• Provided records:

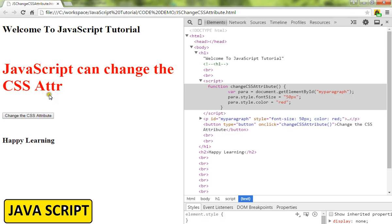This is how you can change the CSS attribute using JavaScript. Hope this video is useful, thank you.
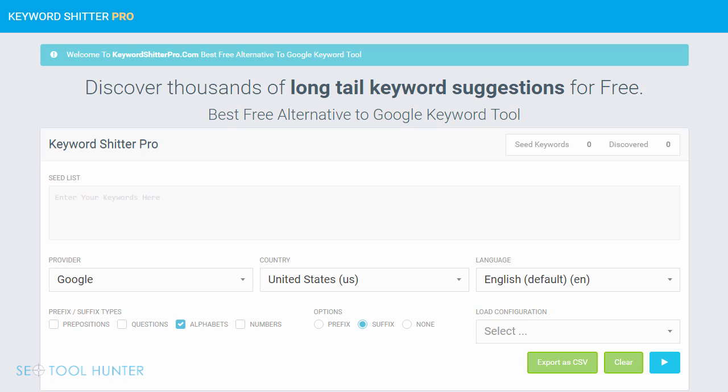Basically, this tool continues scraping keyword suggestions until you tell it to stop, and that allows it to produce really great results.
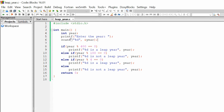As you can see in this code, I am asking the user to enter the year and storing it inside the year variable. Then I simply check: if the year is divisible by 400, then it is a leap year. Otherwise, if the year is divisible by 100, then it is not a leap year. Otherwise, if the year is divisible by 4, then it is a leap year. Else, it is not a leap year.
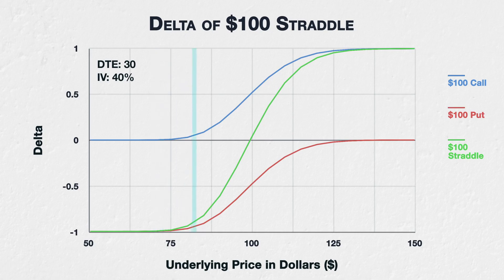Moving to the middle of the chart, where the underlying asset price is $100, both options are now at the money. The $100 call has a delta of roughly 0.52, and the $100 put has a delta of roughly minus 0.48. The delta of the straddle is the sum of both of these, so sits at roughly 0.04. So when the underlying asset price is close to the strike price, the delta of each leg of the straddle roughly cancels out the other.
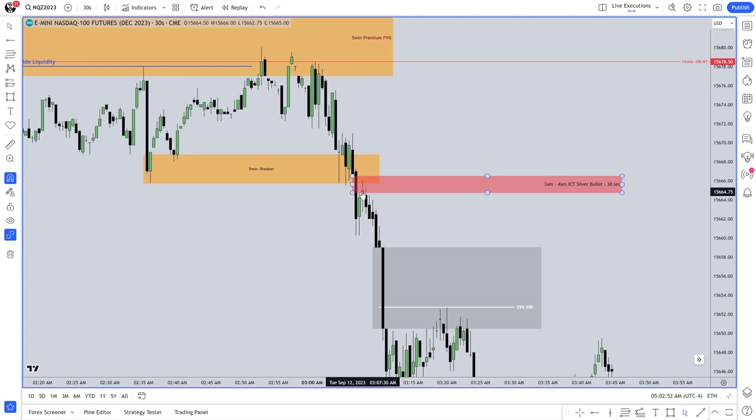You can fake all that order book stuff, but you can't fake or spoof the open, high, low, and close of these candles as they're forming. You can't spoof reading actual real-time price action. You can do it incorrectly, but once you understand what you're looking for, you're anticipating these things.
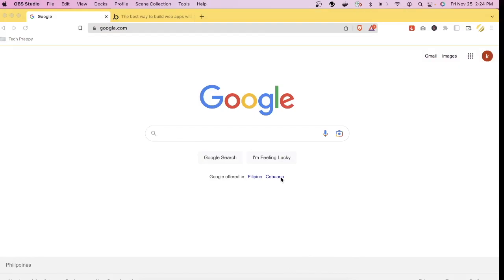Hello everyone, welcome back to my channel. In this video I'm going to show you another no-code tool that you can use to create a website — not only a static website, but also a website that has a built-in CMS and a drag-and-drop interface that you can use to create logic.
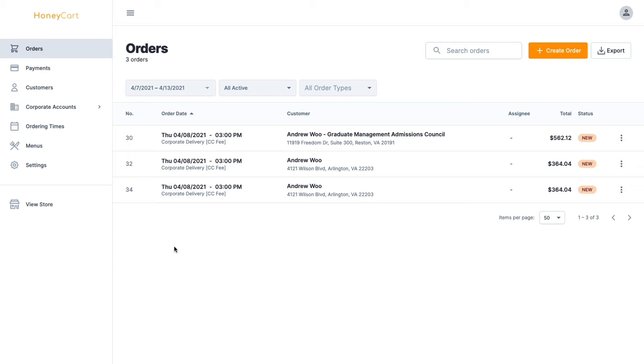We had some requests to make that more customizable because some people do prefer to let their staff do certain things whereas others may not want them to do that. So we made some changes and made it possible for you to customize what permissions each person has in your account.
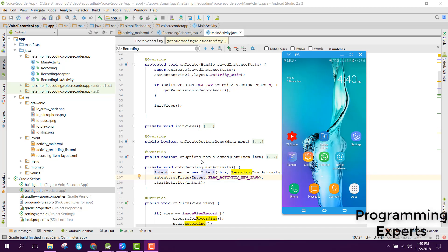Bismillahir-Rahmanir-Raheem. Welcome to my another video series on Android app development. In this video series I will be teaching you how to create a simple voice recorder app in Android Studio.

• Problem requirements: Leaving out all pictures, transcribe the listing exactly.

• Task result:
This is how you can change the CSS attribute using JavaScript. Hope this video is useful, thank you.
Basically, this tool continues scraping keyword suggestions until you tell it to stop, and that allows it to produce really great results.
As you can see in this code, I am asking the user to enter the year and storing it inside the year variable. Then I simply check: if the year is divisible by 400, then it is a leap year. Otherwise, if the year is divisible by 100, then it is not a leap year. Otherwise, if the year is divisible by 4, then it is a leap year. Else, it is not a leap year.
Moving to the middle of the chart, where the underlying asset price is $100, both options are now at the money. The $100 call has a delta of roughly 0.52, and the $100 put has a delta of roughly minus 0.48. The delta of the straddle is the sum of both of these, so sits at roughly 0.04. So when the underlying asset price is close to the strike price, the delta of each leg of the straddle roughly cancels out the other.
You can fake all that order book stuff, but you can't fake or spoof the open, high, low, and close of these candles as they're forming. You can't spoof reading actual real-time price action. You can do it incorrectly, but once you understand what you're looking for, you're anticipating these things.
Hello everyone, welcome back to my channel. In this video I'm going to show you another no-code tool that you can use to create a website — not only a static website, but also a website that has a built-in CMS and a drag-and-drop interface that you can use to create logic.
We had some requests to make that more customizable because some people do prefer to let their staff do certain things whereas others may not want them to do that. So we made some changes and made it possible for you to customize what permissions each person has in your account.
Bismillahir-Rahmanir-Raheem. Welcome to my another video series on Android app development. In this video series I will be teaching you how to create a simple voice recorder app in Android Studio.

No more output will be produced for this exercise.